Schools That Teach 

Every building tells a story. Every building reveals things about itself. It tells you about the people who built it; it tells you about the values those people lived by.

In fact, all buildings tell the truth. They can’t lie. They are fundamentally honest and even if you program them to lie, they reveal that to the sharp eye.

So, what story should a schoolhouse tell? What stories can they tell. That depends on just what you want to teach.

They can tell a story of integrity, of durability, of capability; things all children should learn. In fact, it’s valuable for a building to tell a story of how it was made. More important, that story is most valuable if the schoolhouse was made well, by people who wanted it to last for a long time and serve children well.
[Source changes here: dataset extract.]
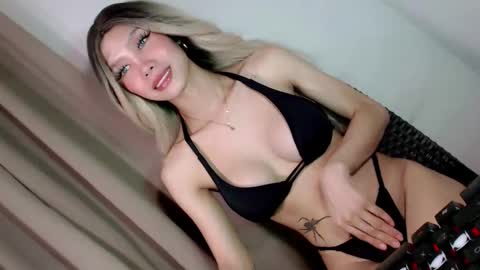 Snapshot of thehornygirl_laisa chatting on 10.09.25 laisa online show from 10.09.25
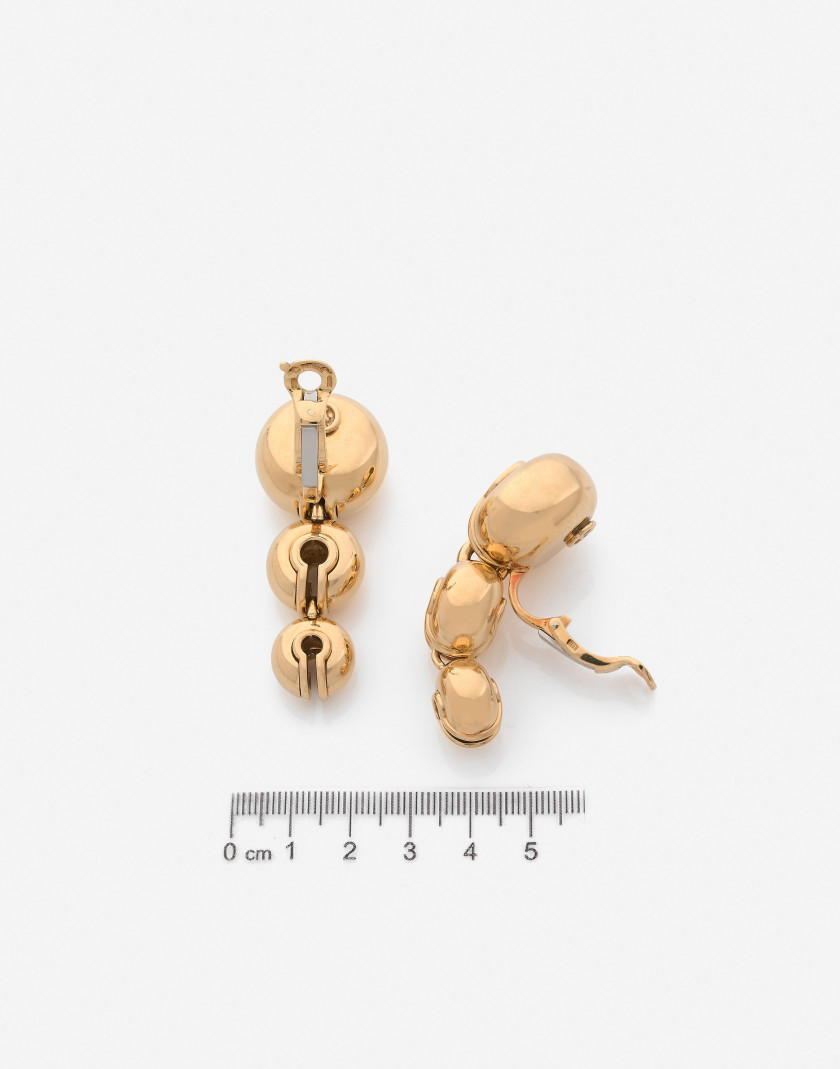 MARINA B.  Pendants d'oreilles "Campanelli" en or, vers 1988 A pair of gold "Campanelli" ear pendants, circa 1988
But can it teach, actively teach? Can an art lab teach kids to see the world more clearly and help them tell a story of what they see? Can science lab help explain physics and biology? Better yet, can it stimulate curiosity in kids? Can it trigger questions now and then? Can it supplement the things a teacher shares?

“Why are the floors colder in the morning, why do the lights dim when the sun comes out? Why are those angled beams up there? Why are there so many books on the shelve? Actual books?

Can a classroom teach history, ethics, mathematics? Can a school house, by its design alone, teach kids to get along, to work out relationships and resolve conflicts?

It can directly, through physical cues and components: Like a pattern of tiles that look like a cool graphic but actually represent a Fibonacci sequence.

They can do it indirectly by housing both students and teachers in a comfortable, dignified manner. Like proximities that mix teachers and students, older kids and younger kids, in diverse interactions that mimic real life. They can teach by ensuring that all the humanity of teaching is accommodated so that teaching can always, above all else, remain a fundamentally human undertaking.